Return the name of the lexical domain the synset belongs to; this also corresponds to the lexicographer's file the synset was originally loaded from.

# File lib/wordnet/synset.rb, line 447
def lexical_domain
        return self.class.lexdomain_table[ self.lexdomainid ][ :lexdomainname ]
end
part_of_speech() click to toggle source

Return the name of the Synset's part of speech (pos).

# File lib/wordnet/synset.rb, line 417
def part_of_speech
        return self.class.postype_table[ self.pos.to_sym ]
end
samples() click to toggle source

Return any sample sentences.

# File lib/wordnet/synset.rb, line 453
def samples
        return self.db[:samples].
                filter( synsetid: self.synsetid ).
                order( :sampleid ).
                map( :sample )
end
senses() click to toggle source

The WordNet::Senses associated with the receiver

# File lib/wordnet/synset.rb, line 188
one_to_many :senses,
        key: :synsetid,
        primary_key: :synsetid
sumo_terms() click to toggle source

Terms from the Suggested Upper Merged Ontology

# File lib/wordnet/synset.rb, line 213
many_to_many :sumo_terms,
        join_table: :sumomaps,
        left_key: :synsetid,
        right_key: :sumoid
to_s() click to toggle source

Stringify the synset.

# File lib/wordnet/synset.rb, line 423
def to_s

        # Make a sorted list of the semantic link types from this synset
        semlink_list = self.semlinks_dataset.
                group_and_count( :linkid ).
                to_hash( :linkid, :count ).
                collect do |linkid, count|
                        '%s: %d' % [ self.class.linktype_table[linkid][:typename], count ]
                end.
                sort.
                join( ', ' )

        return "%s (%s): [%s] %s (%s)" % [
                self.words.map( &:to_s ).join(', '),
                self.part_of_speech,
                self.lexical_domain,
                self.definition,
                semlink_list
        ]
end
wordlist() click to toggle source

Return the Synset's Words as an Array of Strings.

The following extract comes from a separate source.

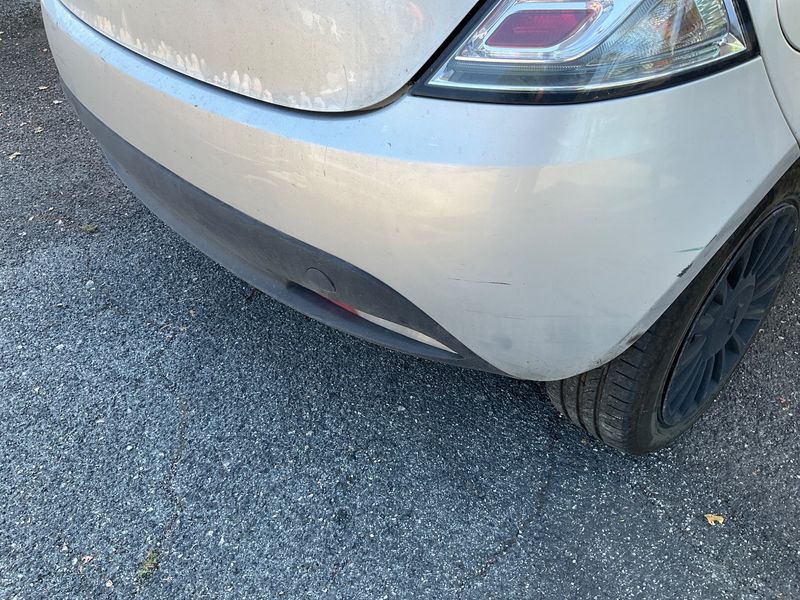 Lancia Ypsilon 1.2 LPG Elefantino Blu 2019 – снимка 24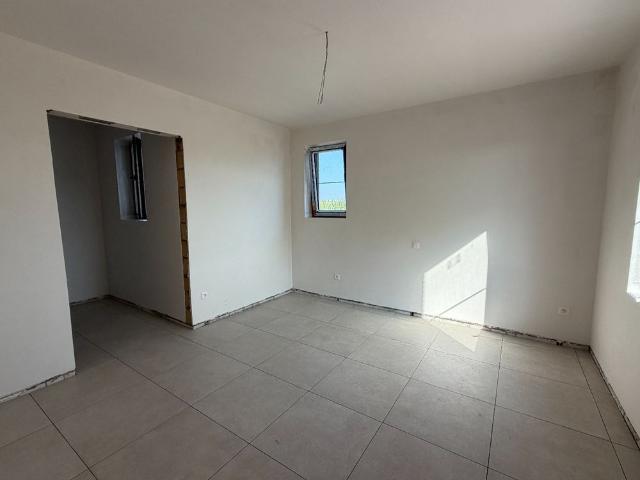 Appartement location à Evergem, Oost-Vlaanderen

# File lib/wordnet/synset.rb, line 683
def wordlist
        return self.words.map( &:to_s )
end
words() click to toggle source

The WordNet::Words associated with the receiver

# File lib/wordnet/synset.rb, line 180
many_to_many :words,
        join_table: :senses,
        left_key: :synsetid,
        right_key: :wordid

Dataset Methods

↑ top

Public Instance Methods

adjective_satellites() click to toggle source

:singleton-method: adjective_satellites Limit results to adjective satellites.

# File lib/wordnet/synset.rb, line 286
def adjective_satellites
        return self.where( pos: 's' )
end
adjectives() click to toggle source

:singleton-method: adjectives Limit results to adjectives.

# File lib/wordnet/synset.rb, line 272
def adjectives
        return self.where( pos: 'a' )
end
adverbs() click to toggle source

:singleton-method: adverbs Limit results to adverbs.

# File lib/wordnet/synset.rb, line 279
def adverbs
        return self.where( pos: 'r' )
end
nouns() click to toggle source

:singleton-method: nouns Limit results to nouns.

# File lib/wordnet/synset.rb, line 258
def nouns
        return self.where( pos: 'n' )
end
verbs() click to toggle source

:singleton-method: verbs Limit results to verbs.

# File lib/wordnet/synset.rb, line 265
def verbs
        return self.where( pos: 'v' )
end

Traversal Methods

↑ top

Public Instance Methods

traverse( type, &block ) click to toggle source

With a block, yield a WordNet::Synset related to the receiver via a link of the specified type, recursing depth first into each of its links if the link type is recursive. To exit from the traversal at any depth, throw :stop_traversal.

If no block is given, return an Enumerator that will do the same thing instead.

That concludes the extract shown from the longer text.